Richual is another example of the personal being made commercial. As with so many supposedly feminist capitalist ventures, the vulnerabilities of its own charismatic founders render it brittle. Stein said that she was inspired by “what happened in 2017, when the actress Aurora Perrineau made sexual assault allegations against Murray Miller, a writer on the TV show Girls, and Lena Dunham and her partner Jenni Konner initially defended Miller.” (They later apologized.) Over and over again, Richual’s real-life analogs (or their financial backers) have staked their reputations on the public image of their founders (Audrey Gelman and The Wing, Dunham and Girls, Amanda Chantal Bacon and Moon Juice) in a way that all but guarantees failure, since an individual will never be able to satisfy every consumer with their life choices.

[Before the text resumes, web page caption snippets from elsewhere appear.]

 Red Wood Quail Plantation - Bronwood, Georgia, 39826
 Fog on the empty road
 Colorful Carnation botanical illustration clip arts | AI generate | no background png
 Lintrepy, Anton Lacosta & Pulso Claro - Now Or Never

Since so many of those companies have faced accusations of racism, Self Care almost by necessity deals with race in Khadijah’s sections. Maren has always been concerned about compensating Khadijah, the company’s first hire, fairly, and once tried to give her 5 percent of Richual “as reparations.” (Devin talked her down to 2.5 percent.) Despite all their public “badassery” around protecting women, neither Maren nor Devin can find a minute to listen to Khadijah’s actual problems, which build over the course of the novel until we cannot but wish she would walk out the door with a match thrown over her shoulder, like Bernadine in Waiting to Exhale.

Race and class are the issues that prove Devin and Maren are not fit company executives. “I agreed that I was white,” Devin thinks in one of her chapters, “but I didn’t feel as bad about it as Maren did.” She compliments Khadijah’s skin rapturously, but also “was confused about whether I was supposed to let Khadijah know that I knew she was black or if I was supposed to pretend that her blackness never crossed my mind.” This kind of discomfort expresses itself in the form of microaggressions. Everybody at the Richual office calls each other babe, Khadijah notes, but she was “only ever Khadijah.”

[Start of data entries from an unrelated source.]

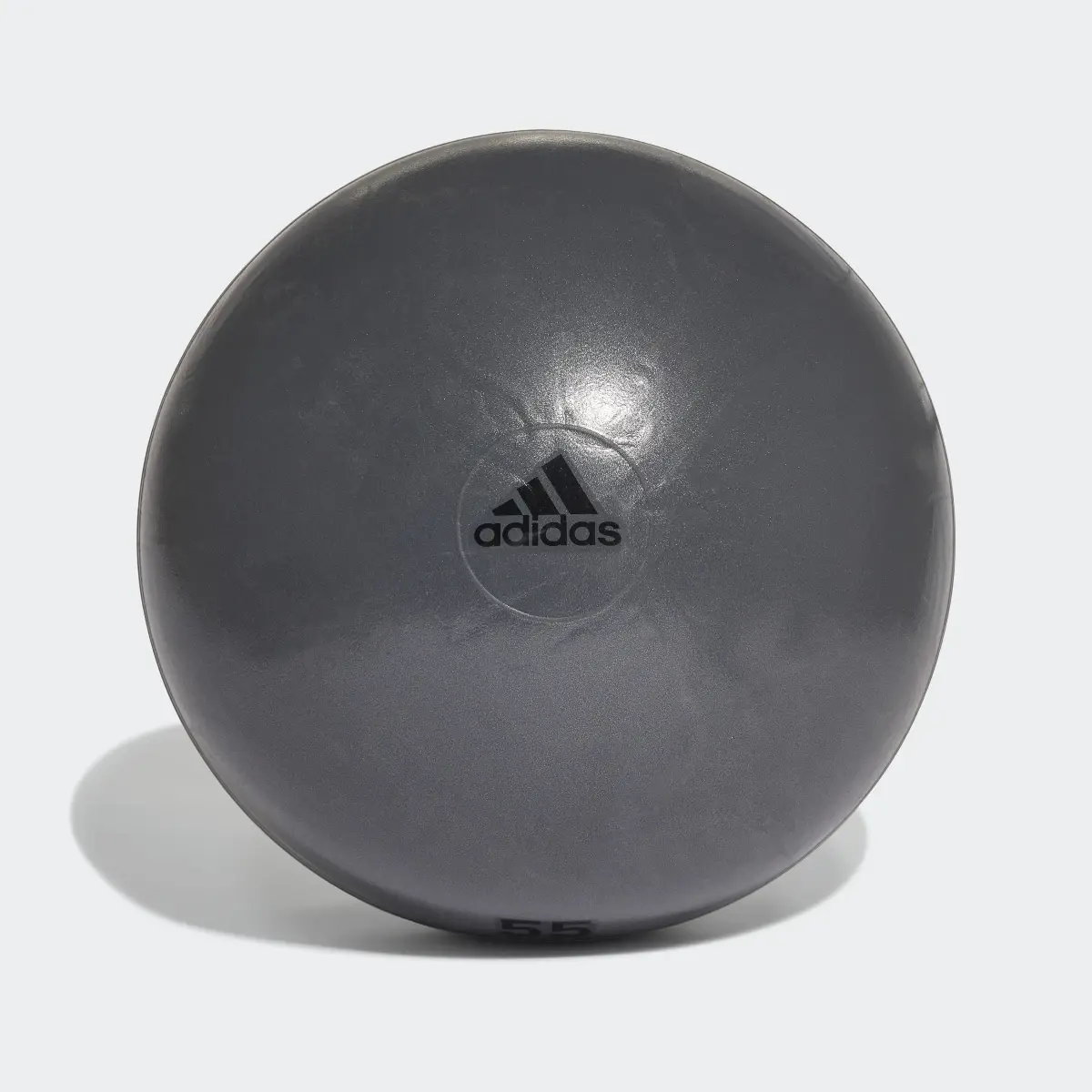 Adidas Ballon de gym 55 cm. 2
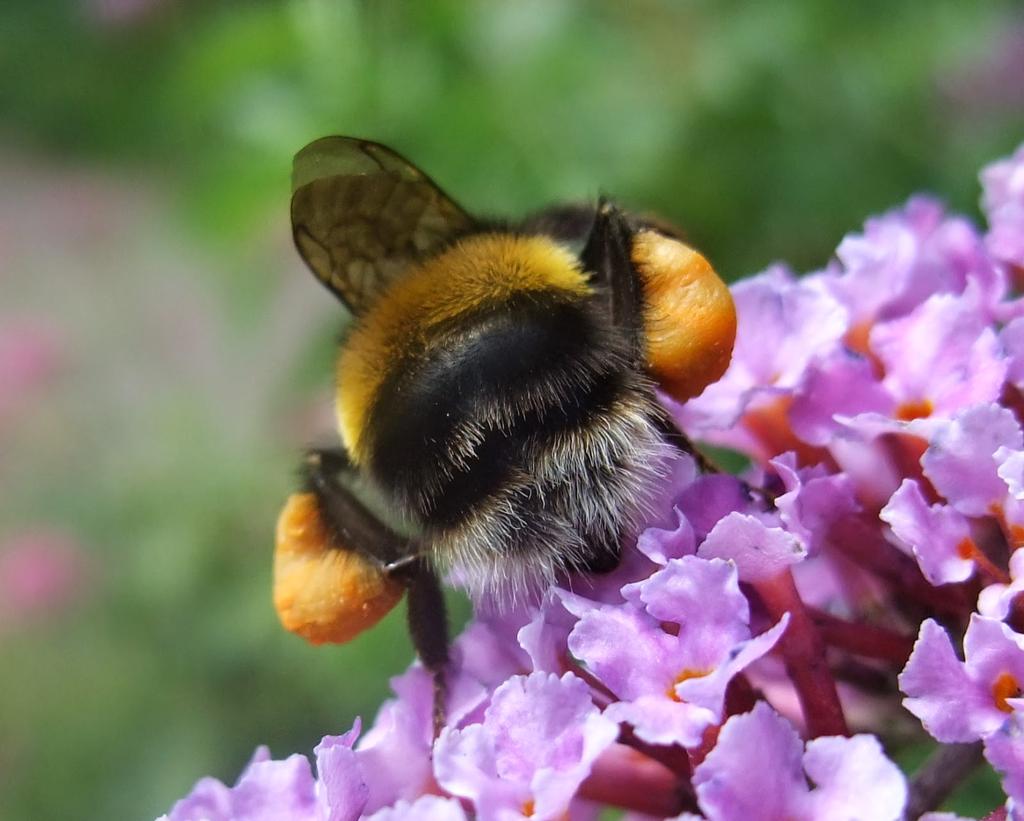 pollination (2) Honey bees very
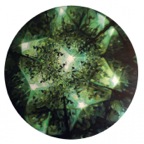 WQ-005-697x700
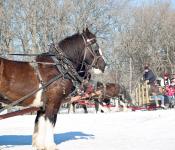 Wagon Rides, Festival du Voyageur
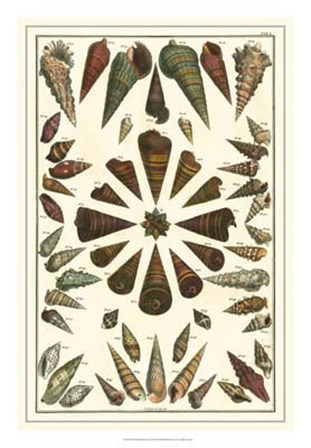 Shell Collection II by Albertus Seba art print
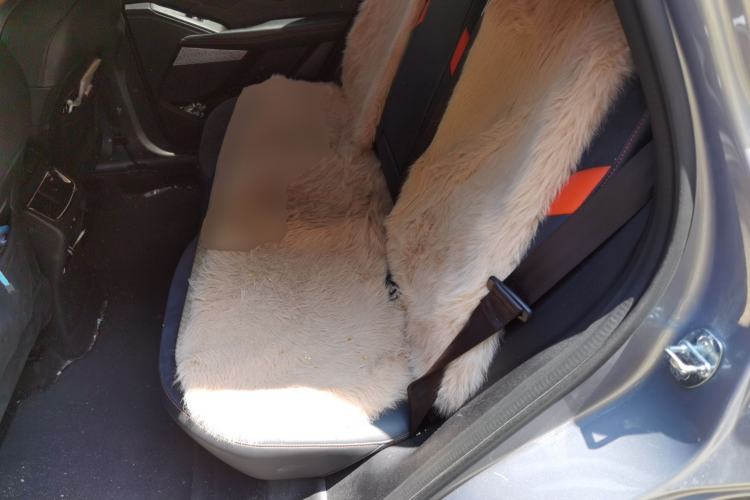 Used Haval XY 2022 1.5T ZhiZun Edition Left Rear Seat
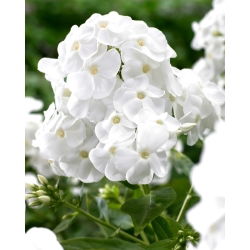 Høstfloks - Rembrandt - Phlox - Barrodsstauder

Amid all this multivalent offensiveness, Stein throws in some stark truths, like the fact that all this controversy might, in the long term, be good for the paradigmatically canceled feminist founder. On a very early page, Maren observes, “The worse it gets—I mean the more women who are outraged and terrified and suffering—the more our user base grows. The more the network scales.” Although Self Care flits around themes from friendship to rape to eating disorders, it is ultimately a story about rapacious capitalism.

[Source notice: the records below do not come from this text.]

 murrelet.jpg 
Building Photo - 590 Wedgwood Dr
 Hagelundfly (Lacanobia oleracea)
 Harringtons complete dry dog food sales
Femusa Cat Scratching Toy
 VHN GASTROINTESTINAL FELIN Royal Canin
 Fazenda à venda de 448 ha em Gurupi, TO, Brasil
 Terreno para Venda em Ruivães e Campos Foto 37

Self Care proves Leigh Stein’s status as a great “demolition expert” (Kenneth Tynan’s term for Bernard Shaw) of the influencer era. “We are being grossly irrelevant,” Tynan wrote, “if we ask a demolition expert, when his work is done: ‘But what have you created?’” This is often the rejoinder made by corporate feminists to their dissenters—what have you ever done, except try to take me down?—but Stein’s response is simple: She made a different kind of mirror.